From the Editor

Cassandra E. SimonCassandra E. Simon

JCES presents its first issue of 2010 with a certain confidence, secure in the conviction that the journal provides a quality outlet for some of the best “scholarship of engagement” (Boyer, 1996). The advancement of JCES toward its goal of becoming the premier academic journal in community engagement scholarship is reflected in this issue. It is reflected in the quality of the articles presented on the following pages. It is reflected in the depth and diversity of the manuscripts and author specialties.

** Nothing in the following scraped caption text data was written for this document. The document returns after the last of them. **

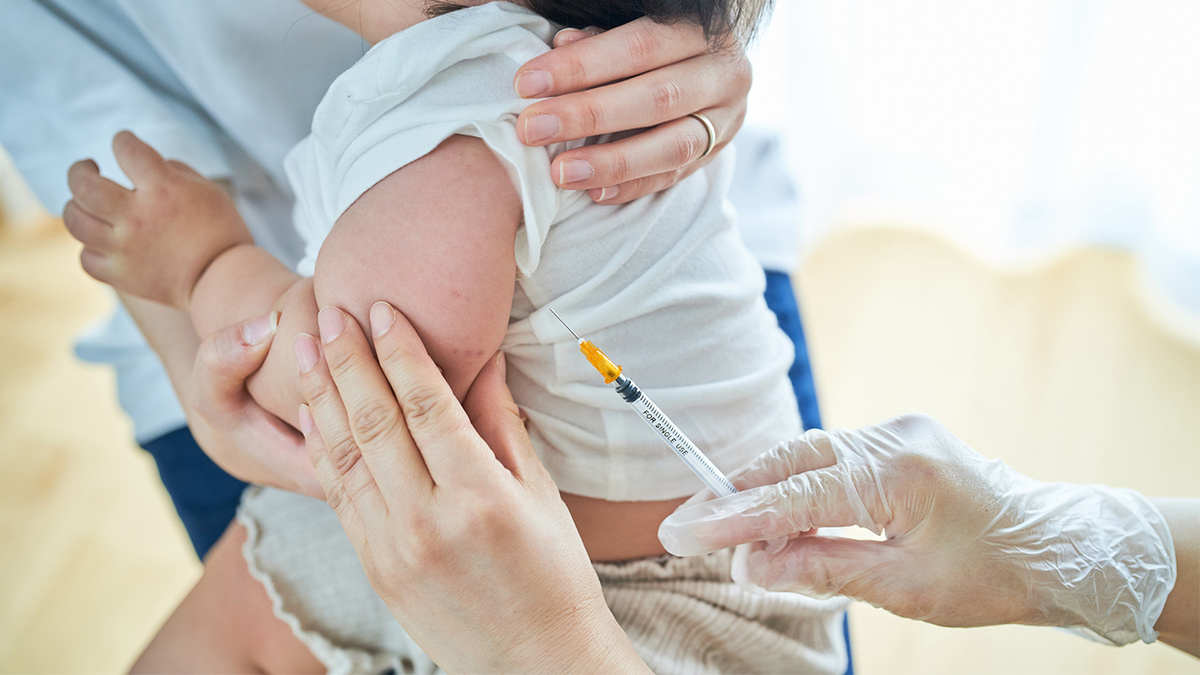 Doctor giving a vaccine to a baby
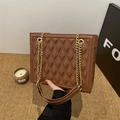 Elegant brown quilted shoulder bag with golden chain strap in a lifestyle setting - Dark Brown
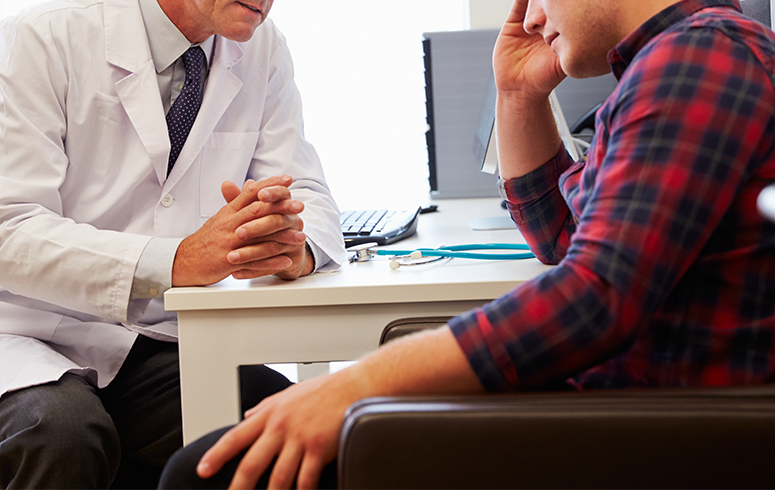 testosterone Replacement doctor sittin with man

It is reflected in our continuous commitment to incorporating principles of authentic community engagement in every aspect of the journal.

In this regard, we are especially proud of the new opportunities JCES is providing students through its graduate student editorial board and student editorial liaison positions. From its inception, JCES committed space in each issue for at least one student-authored manuscript. Please see the call for student manuscripts on page 67. The current student piece, written by Dominique Derbigny, a graduate student at the University of Maryland at Baltimore, chronicles her community engagement experience as an undergraduate student at Elon University in Elon, N.C. Elon is a private liberal arts university repeatedly ranked at the top for engaged learning. The student piece demonstrates the relevance of engaged learning in helping students define career choice, research interests, and community citizenry.

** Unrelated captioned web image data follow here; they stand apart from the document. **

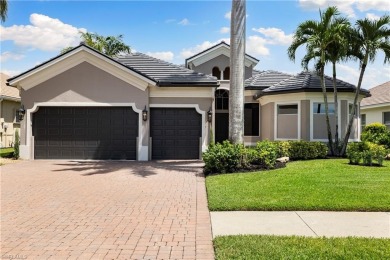 This fully renovated custom residence presents a rare on West Bay Beach and Golf Club in Florida - for sale on GolfHomes.com, golf home, golf lot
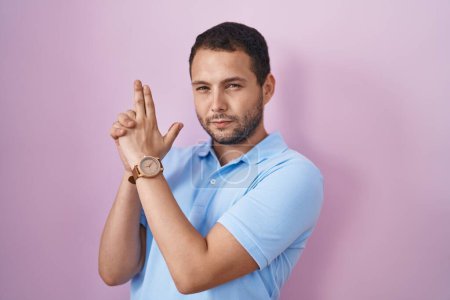 Téléchargez les photos : Homme hispanique debout sur fond rose tenant un pistolet symbolique avec geste de la main, jouant à tuer des armes à feu, visage en colère - en image libre de droit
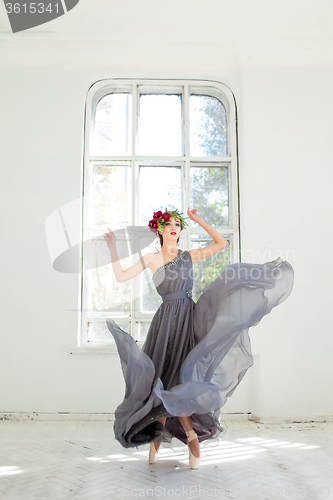 Image of The beautiful ballerina dancing in long gray dress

It is important that students have a regular scholarly venue to express their thoughts, opinions, and reflections regarding community engagement—to have their voices heard. The student section of JCES, Student Voices, provides one such venue and will be handled almost entirely by students. This board will be primarily responsible for solicitation and review of student-submitted manuscripts for the section and for making recommendations to the editor for publication. Students in the liaison positions will assist the editorial assistant in day to day operation of the journal, with a focus on the Student Voices section.

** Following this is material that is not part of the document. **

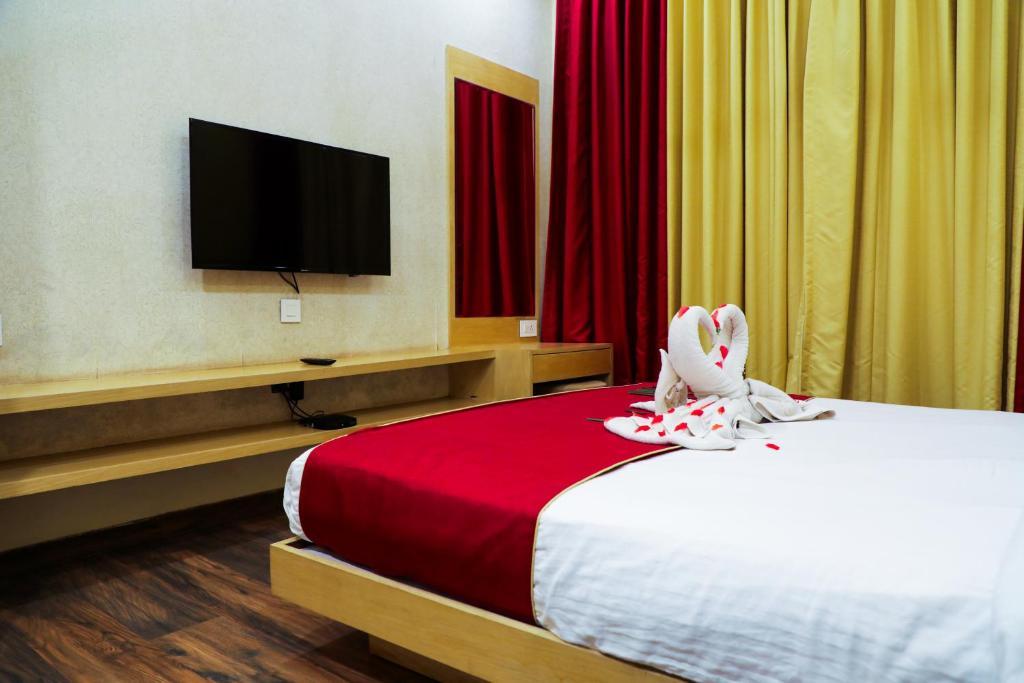 a bedroom with a tv at Rosetum Anjuna in Goa hotel_Image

The current issue of JCES contains articles that address some of the major challenges and issues facing engagement scholarship. Among them are cross-cultural education, citizen science, holistic learning, and intra-campus community engagement. The significance of engaged scholarship and its ability to promote the common good in society is seen in the cover article, “The Engaged Humanities: Principles and Practices for Public Scholarship and Teaching,” by Gregory Jay. Richard L. Conville and Ann M. Kinnell’s article, “Relational Dimensions of Service-Learning,” advances true collaboration between the primary constituent groups of service-learning (i.e., instructors, community partners, and students) by providing a common language for discussion of their inter-relationships. Combined, these two manuscripts speak to the practicality of engagement scholarship and the need to bring engagement scholarship to even higher levels conceptually and theoretically. JCES continues to grow and attract widespread interest and support across a broad spectrum. As we continue on our journey, we look to you, our readership and contributors to share your thoughts, ideas and needs with us. As editor, I appreciate the support we have received and welcome your feedback.